Barker: Time will tell! [laughs]
Hill: [laughs] I guess we'll see. We're going to dip into the Fool mailbag. We've got news from the healthcare industry, the packaged foods industry.
Let's start with this. Get the popcorn ready because on Wednesday, the CEOs of the biggest banks in America are heading to Capitol Hill to testify before the House Financial Services Committee. The rundown is: Jamie Dimon from JPMorgan, Michael Corbat from Citi, David Solomon from Goldman Sachs, Jim Gorman from Morgan Stanley, Brian Moynihan from Bank of America; we'll get to Wells Fargo (NYSE:WFC) in a second. Coincidentally -- or maybe not coincidentally -- Bank of America announcing today that the company is raising the minimum wage at the company to $20 an hour. If nothing else, the timing of that announcement makes Wednesday probably a little less painful for Brian Moynihan testifying on Capitol Hill.

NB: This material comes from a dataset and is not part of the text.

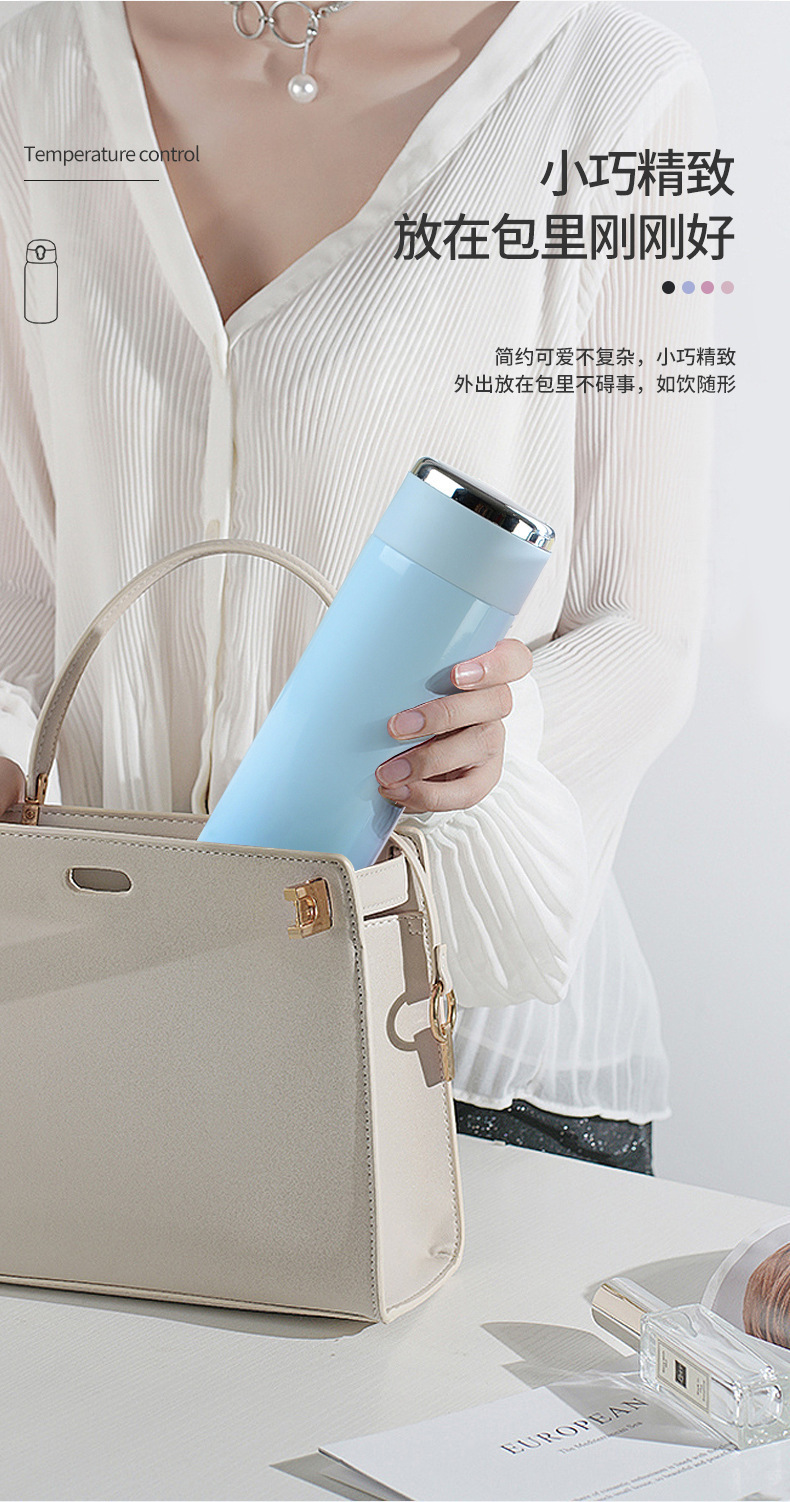温度显示保温杯不锈钢水杯女便携车载礼品杯渐变色智能温度杯子详情10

Barker: Yeah, I think so. I don't think there's much coincidence about it. We'll see. It seems like a smart political play at the moment, getting the headlines that they want and positioning. They'll expound on that a bit in front of the camera. I think that it takes some of the wind out of the sails of those that are going to attack at least Bank of America. And I think every everybody is going to be under pressure to respond.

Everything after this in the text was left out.